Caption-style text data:
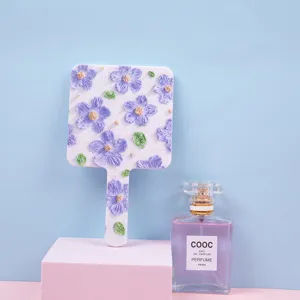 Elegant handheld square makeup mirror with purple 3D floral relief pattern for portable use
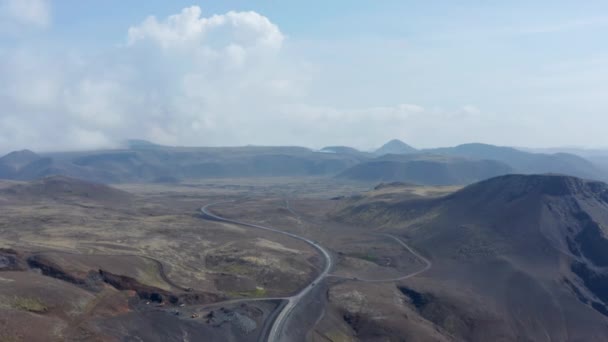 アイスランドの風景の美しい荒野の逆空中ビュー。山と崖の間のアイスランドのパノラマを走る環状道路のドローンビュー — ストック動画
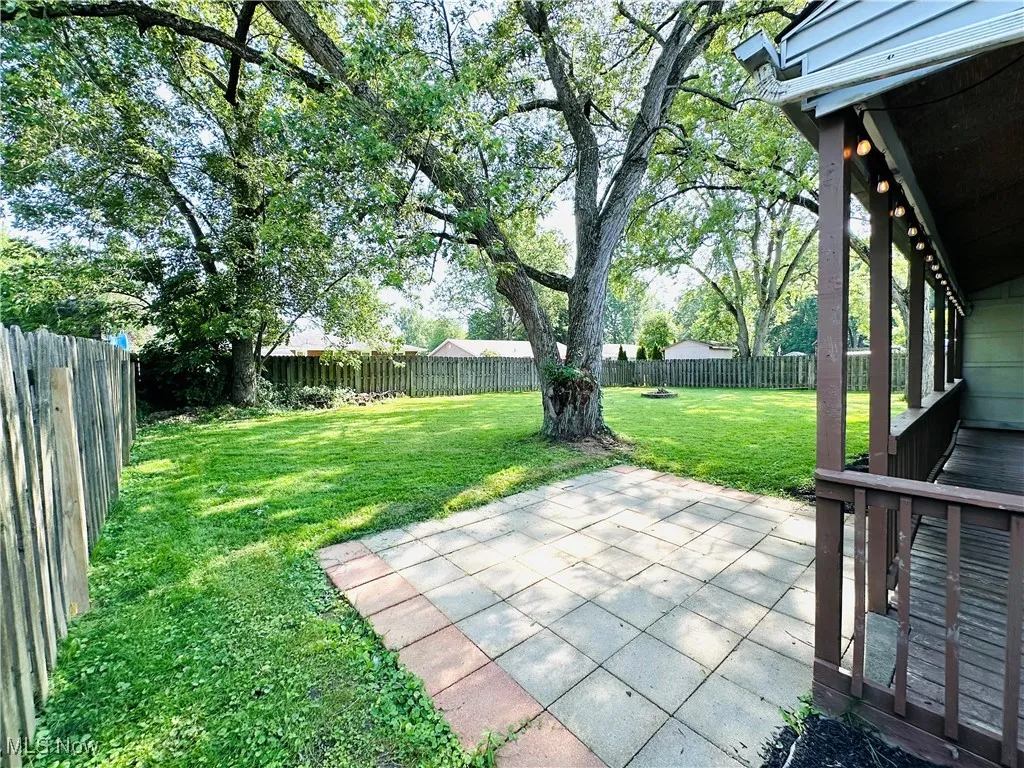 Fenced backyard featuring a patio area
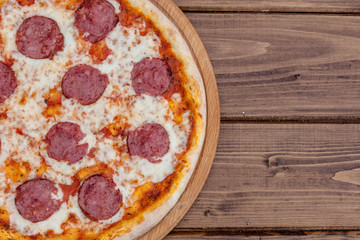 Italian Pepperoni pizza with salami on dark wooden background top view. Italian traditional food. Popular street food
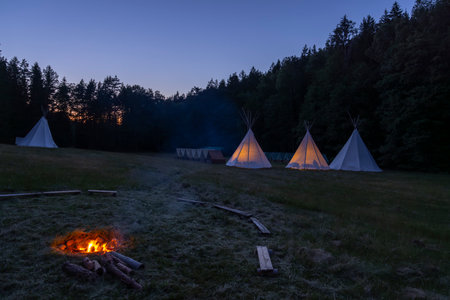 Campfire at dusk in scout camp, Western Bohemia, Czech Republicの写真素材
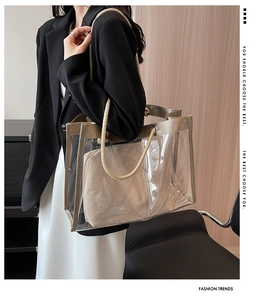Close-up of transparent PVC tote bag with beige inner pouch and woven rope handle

● **What you are asked to do**
Only the wording of the records is wanted: copy it all exactly and omit the pictures.

● **Solution**
 Elegant handheld square makeup mirror with purple 3D floral relief pattern for portable use
 アイスランドの風景の美しい荒野の逆空中ビュー。山と崖の間のアイスランドのパノラマを走る環状道路のドローンビュー — ストック動画
 Fenced backyard featuring a patio area
 Italian Pepperoni pizza with salami on dark wooden background top view. Italian traditional food. Popular street food
 Campfire at dusk in scout camp, Western Bohemia, Czech Republicの写真素材
Close-up of transparent PVC tote bag with beige inner pouch and woven rope handle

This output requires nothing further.